What you have to do: Would you transcribe the listing that follows, character for character, and omit its images?

Information provided:
——————

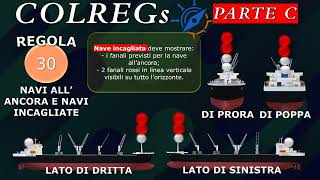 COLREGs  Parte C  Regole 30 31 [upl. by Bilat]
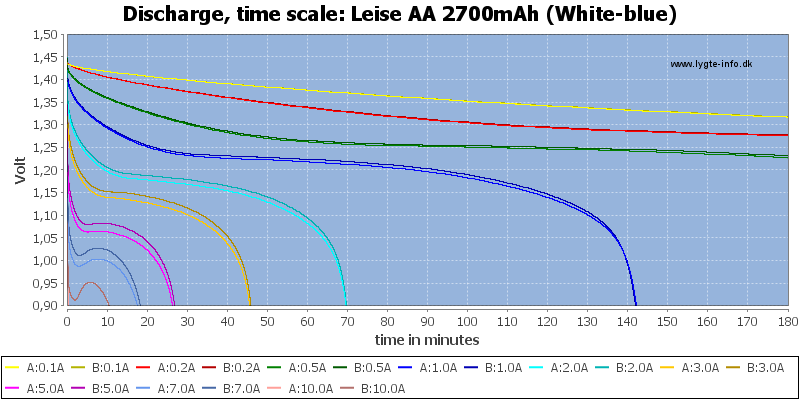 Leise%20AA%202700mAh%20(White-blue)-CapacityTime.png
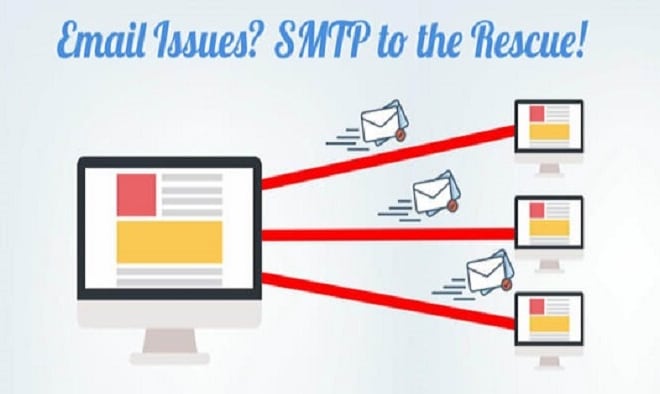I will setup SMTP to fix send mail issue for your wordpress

——————

Exercise result:
 COLREGs  Parte C  Regole 30 31 [upl. by Bilat]
 Leise%20AA%202700mAh%20(White-blue)-CapacityTime.png
I will setup SMTP to fix send mail issue for your wordpress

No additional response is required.